1.- Sono dedotte, con entrambi i motivi, falsa applicazione dell’art. 38, secondo comma, della legge 8.6.1990, n. 142 e vizio di motivazione (nonché errore sul fatto, peraltro non rientrante tra i possibili motivi del ricorso per cassazione di cui all’art. 360 c.p.c.) nel sostanziale assunto che, tra l’altro travisando il senso della sentenza del TAR, la corte d’appello ha erroneamente ritenuto che l’ordinanza emessa dal sindaco anche ai sensi della disposizione citata “sia da considerarsi riferibile ad un generico potere di ordinanza del Sindaco e non riconducibile alla sua qualifica di ufficiale del governo, traendone supporto (erroneamente) dalla motivazione resa dal TAR Broscia che correttamente svolge il suo ragionamento in senso opposto”.

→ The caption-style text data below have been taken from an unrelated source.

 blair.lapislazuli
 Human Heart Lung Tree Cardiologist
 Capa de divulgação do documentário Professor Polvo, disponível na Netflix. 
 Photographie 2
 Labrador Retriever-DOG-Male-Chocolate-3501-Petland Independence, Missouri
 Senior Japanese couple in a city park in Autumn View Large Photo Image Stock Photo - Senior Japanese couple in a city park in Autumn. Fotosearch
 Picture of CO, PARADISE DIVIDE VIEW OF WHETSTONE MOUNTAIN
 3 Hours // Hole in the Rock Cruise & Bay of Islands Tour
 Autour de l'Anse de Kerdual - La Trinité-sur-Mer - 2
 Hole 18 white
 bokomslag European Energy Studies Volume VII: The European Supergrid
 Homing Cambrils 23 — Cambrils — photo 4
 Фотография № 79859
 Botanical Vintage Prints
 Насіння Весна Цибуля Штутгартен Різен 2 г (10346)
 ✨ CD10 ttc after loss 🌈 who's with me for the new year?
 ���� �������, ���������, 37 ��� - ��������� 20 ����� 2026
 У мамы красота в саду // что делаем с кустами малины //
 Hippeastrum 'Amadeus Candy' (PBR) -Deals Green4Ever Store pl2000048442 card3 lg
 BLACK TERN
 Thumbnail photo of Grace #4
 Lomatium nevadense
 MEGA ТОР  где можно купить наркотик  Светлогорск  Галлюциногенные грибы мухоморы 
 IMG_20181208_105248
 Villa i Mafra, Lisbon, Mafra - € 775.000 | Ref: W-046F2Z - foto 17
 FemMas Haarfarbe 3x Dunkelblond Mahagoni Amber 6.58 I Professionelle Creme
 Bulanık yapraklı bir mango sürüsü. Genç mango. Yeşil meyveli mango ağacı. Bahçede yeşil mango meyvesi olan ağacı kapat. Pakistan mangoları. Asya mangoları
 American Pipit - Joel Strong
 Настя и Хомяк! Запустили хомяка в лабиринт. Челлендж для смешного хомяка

2.- Quali siano state le considerazioni del TAR la ricorrente non dice.

Il provvedimento del sindaco è stato assunto – come riportato a pag. 7 della sentenza impugnata – “visti gli artt. 8 e 9 della legge 25.8.1991, n. 287; visto l’art. 38 della legge 8.6.1990, n. 142”; dunque ai sensi di disposizioni concernenti, le prime due, l’insediamento e le attività dei pubblici esercizi e, la terza, le attribuzioni del sindaco quale ufficiale del governo nei servizi di competenza statale, come tale abilitato ad adottare “con atto motivato e nel rispetto dei principi generali dell’ordinamento giuridico, provvedimenti contingibili e urgenti in materia di sanità ed igiene, edilizia e polizia locale al fine di prevenire ed eliminare gravi pericoli che minacciano 1 ‘incolumità dei cittadini”.

È dunque evidente che l’adozione del provvedimento, dichiaratamente volto a tutelare l’ordine e la tranquillità pubblica e non a prevenire o eliminare “gravi pericoli che minacciano l’incolumità dei cittadini”, non fu adottato dal sindaco quale ufficiale del governo ma come organo dell’ente territoriale, al di là dell’improprio riferimento all’art. 38 della l. n. 142 del 1990, che non può essere in sé riguardato come sufficiente a trasferire in capo ad altra amministrazione (quella dello Stato) la responsabilità per un provvedimento adottato dal sindaco in virtù dei poteri a lui direttamente conferiti dalla legge n. 287 del 1991, nell’ambito di competenze sue proprie e non già dello Stato.

3.- Il ricorso è respinto.

Non v’è luogo a provvedere sulle spese.

 

P.Q.M.

 

La Corte di Cassazione rigetta il ricorso.